Balyasny cuts human-machine hybrid team Synthesis
Haven't seen this posted yet: Balyasny just cut 10 people running a $2 billion book. The hedge fund axed the 1-year-old team because of poor performance, sources say.
Apparently Balyasny created a unit called Synthesis last year that was supposed to blend human and machine. I'm guessing they got the inspiration from the study that showed human-computer teams outperformed both human-only and computer-only teams in chess. Interestingly, the study showed the best human-computer team wasn't comprised of grandmaster + computer, but just some random dude + computer.
Anyways, they recruited 9 sector heads that were PMs at places like Point72 and Citadel to provide the sector-specific knowledge (I'm guessing to provide the domain expertise to train the machines). Guess it hasn't been doing too well and they shut it after barely a year. Too bad, it sounds really cool and I bet this could have worked if they maybe worked out the kinks. Anyone else have any other info?

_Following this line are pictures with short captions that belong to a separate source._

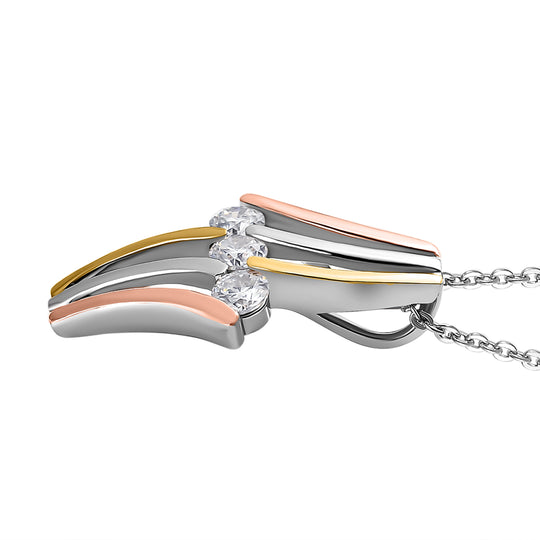 EVER TRUE Moissanit Anhänger mit Kette, ca. 50 cm Nickelfreies Messing, Dreifarbig, ca. 0.69 ct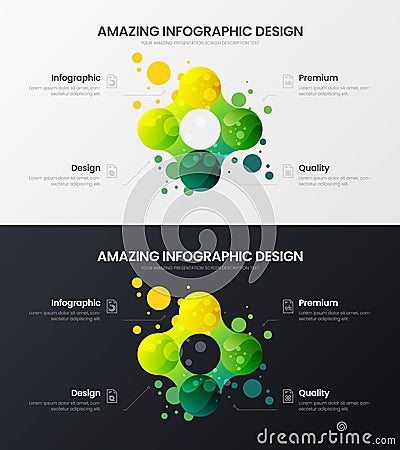 4 option marketing analytics colorful organic statistics infographic report bundle. Business data vector illustration template set Vector Illustration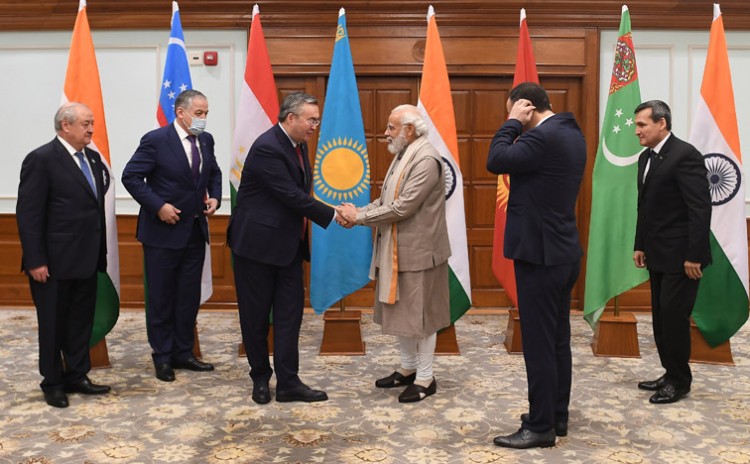 narendra modi meeting with the foreign ministers of central asian countries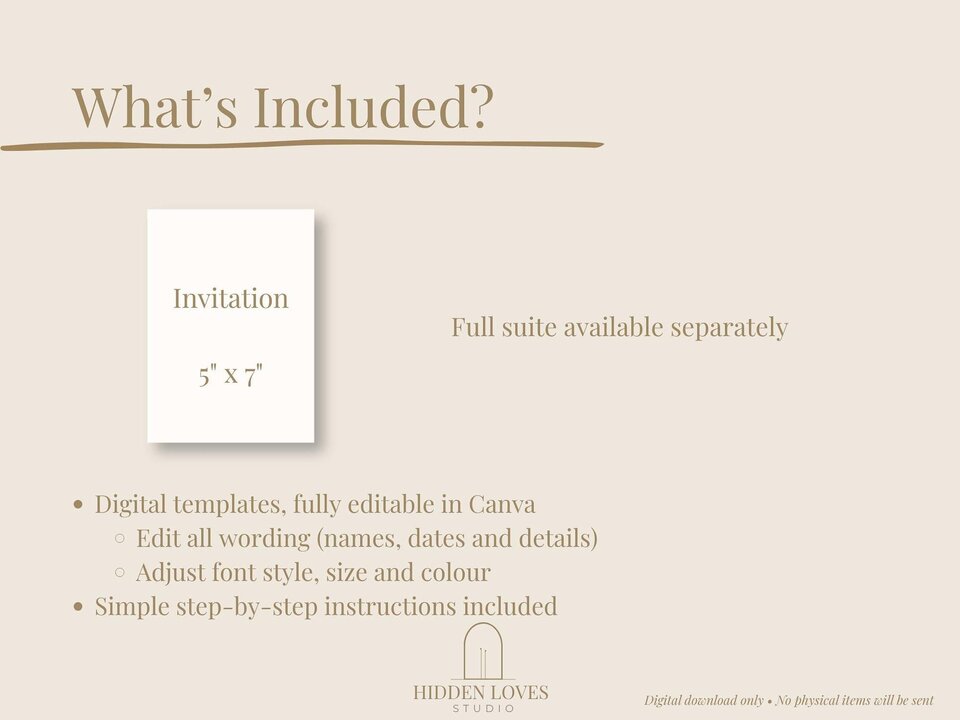 A white card with "Invitation" and "5" x 7"" printed on it, next to the text "What's Included?" and "Full suite available separately".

Hi Acidophilus, check out these links:
Fingers crossed that one of those helps you.
I made a post about balyasny on here a while back, they dont know how to hire tech/ML people and they suffer for it
Chemical synthesis is a very interesting and important question that is clarified every day in our life. But only several people know the real significance of this tools influence on our life. First of all, such type of devices provide convenience in using your mobile phones, tablets etc. Protecting their screen from dust and other garbage. But it is not the only using of such type technologies.
Most non tech people don’t know how to hire technical people. It’s how a lot of software companies swindle management into paying for their service
I'm having a hard time figuring out how this could have potentially worked...
The algo provides some type of action with some confidence level and then what? How do you combine the human and digital input? How did this even happen in the chess situation? Computer and human each make a turn sounds retarded... But then how does the human know when to interfere? Is it some type of randomized process? Maybe the computer asks the human to take a decision based on intuition or something when multiple different moves have exactly the same expected outcome
Freestyle chess
Good question, I'm not sure. The link above sort of describes how it works in chess. The idea is that the computer takes care of the number crunching, while the human governs the overall strategy and direction i.e. tells the computer where to number-crunch.
maybe I am a luddite but i think machine learning is great for identifying images of cats, and not proven in predicting financial markets. at least in its current form.
These hybrid processes are very tricky to get right. You need a good pragmatic quant team, and open-minded, collaborative fundamental specialists. Generally, the humans (sector specialists) provide domain expertise, which is used across a large systematic book (1000+ positions).
One example: each sector specialist forecasts current quarter's EPS/revenue, which the algorithms use as part of its process (factors).
The gist being that a sector specialist has better insight into a company than the sell-side consensus.
It's hard to get right because fundamental specialists don't know how to hire quants, and vice-versa. You need a good leader who can speak both languages.
Your last point about hiring right is crucial. The "hiring manager" (for lack of a better term) needs to be good at evaluating/selecting both fundamental analysts and quants, and needs to be able to strike the right balance between the two to avoid building a monoculture.
what I usually see happen is the manager for fundamental analysis just hires some guy with a fancy pedigree, like they do for analysts, and then the guy sucks
usually the fundamental PM hires a quant so they can either market as using quant or hoping it will juice returns. Its not because they suck but the fundamental PM isn't trying to really build out a quant / fundamental team and usually tries to hire as cheaply as possible. This usually means a PhD with no experience or a quant who comes in and just does their own thing. Actually trying to combine the two is difficult.
The example you gave seems to be limited to one specific type of alpha. For a pure quant team it wouldn't make sense to hire a fundamental analyst covering 50 stocks. Not sure how much value they would add in the case you mention. The quant can always just not bet on earnings.
Honestly it was a interesting concept to try, as someone who isn't a quant I'm king of glad it didn't. If it did would further make the case humans (as the majority) wouldn't be needed.
Is it just me or the link not working?
That's right. It doesn't work for me either.
Alternative link
Hey sorry the original was a cached version of the BI story. I found another link that should work. Can't update the original post though.